ValentineHerr commented 1 year ago

I think what you are saying here is relevant to issue #26 and the potential addition of the taxize package (which needs to be coded.).

This is issue is about WorldFlora package. What I was saying is that if the user wants to use this package (currently implemented in the function), they will need to upload their own backbone into the app. We are not providing it. And I added wording to warn the user that the data that they will need to download from the WorldFlora website is very large and needs to be reduced before they can bring it into the app.

cpiponiot commented 1 year ago

What you propose for Valentine seems reasonable, but it requires extra work from users that I'm not sure many will do, unless perhaps we provide a detailed tutorial on how to do it. But if we provide other options in the BotanicalCorrection() function, such as using the taxize package, then only very motivated users will use WorldFlora and that's probably fine.

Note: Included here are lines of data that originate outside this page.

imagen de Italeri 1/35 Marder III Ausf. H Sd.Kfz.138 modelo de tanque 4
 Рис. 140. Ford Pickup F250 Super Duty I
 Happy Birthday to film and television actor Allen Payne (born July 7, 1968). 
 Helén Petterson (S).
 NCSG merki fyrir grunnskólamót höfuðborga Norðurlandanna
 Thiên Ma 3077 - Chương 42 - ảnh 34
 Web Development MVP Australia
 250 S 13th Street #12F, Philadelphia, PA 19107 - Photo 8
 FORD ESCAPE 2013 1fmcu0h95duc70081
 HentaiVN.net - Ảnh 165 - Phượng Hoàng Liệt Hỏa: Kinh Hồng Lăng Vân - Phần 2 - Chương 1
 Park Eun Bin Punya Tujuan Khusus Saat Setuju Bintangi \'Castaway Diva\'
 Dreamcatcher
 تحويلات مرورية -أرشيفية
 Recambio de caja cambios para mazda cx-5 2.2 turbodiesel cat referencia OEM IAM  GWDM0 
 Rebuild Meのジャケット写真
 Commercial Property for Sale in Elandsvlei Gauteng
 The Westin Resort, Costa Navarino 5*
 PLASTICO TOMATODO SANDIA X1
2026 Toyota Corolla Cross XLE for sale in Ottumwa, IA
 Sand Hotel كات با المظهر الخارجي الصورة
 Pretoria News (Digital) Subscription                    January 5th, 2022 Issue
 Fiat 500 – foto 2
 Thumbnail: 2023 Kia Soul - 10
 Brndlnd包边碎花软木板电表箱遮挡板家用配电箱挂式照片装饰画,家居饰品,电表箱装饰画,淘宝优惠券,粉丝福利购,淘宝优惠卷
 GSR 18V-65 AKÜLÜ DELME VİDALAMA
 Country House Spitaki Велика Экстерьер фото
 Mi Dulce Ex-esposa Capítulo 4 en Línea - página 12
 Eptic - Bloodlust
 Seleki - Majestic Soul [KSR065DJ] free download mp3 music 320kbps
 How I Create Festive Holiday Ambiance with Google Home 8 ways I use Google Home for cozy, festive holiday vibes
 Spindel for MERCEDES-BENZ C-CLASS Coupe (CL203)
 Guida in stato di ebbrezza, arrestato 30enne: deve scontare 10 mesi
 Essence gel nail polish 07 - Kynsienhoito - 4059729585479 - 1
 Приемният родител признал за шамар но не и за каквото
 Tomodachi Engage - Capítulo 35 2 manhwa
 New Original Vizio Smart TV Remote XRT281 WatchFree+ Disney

gabrielareto commented 1 year ago

For the record, package WorldFlora allows downloading and accessing the backbone from code: WFO.download(save.dir = path.wfo) unzip(paste0(path.wfo, "WFO_Backbone.zip"), exdir = path.wfo) WFO.remember(WFO.file = paste0(path.wfo, "classification.csv")) where "path.wfo" is the path where we want to store the WFO database

gabrielareto commented 1 year ago

Giving multiple options is not practical. The taxize package connects via APIs with many sources, each of which has a different behaviour. The string manipulation is too complicated for the programmer, and connecting to many APIs is very slow for the user.

conceptually, it may be non-sense treating "taxonomic backbone" as a network-level specification. Taxon names are a centralized notion (i.e. there is just one accepted name and the rest of names are not accepted).

I think the best we can do is to try to find the accepted names for any input, regardless of how the user got their names in the first place.

ValentineHerr commented 1 year ago

I think we can close this issue now.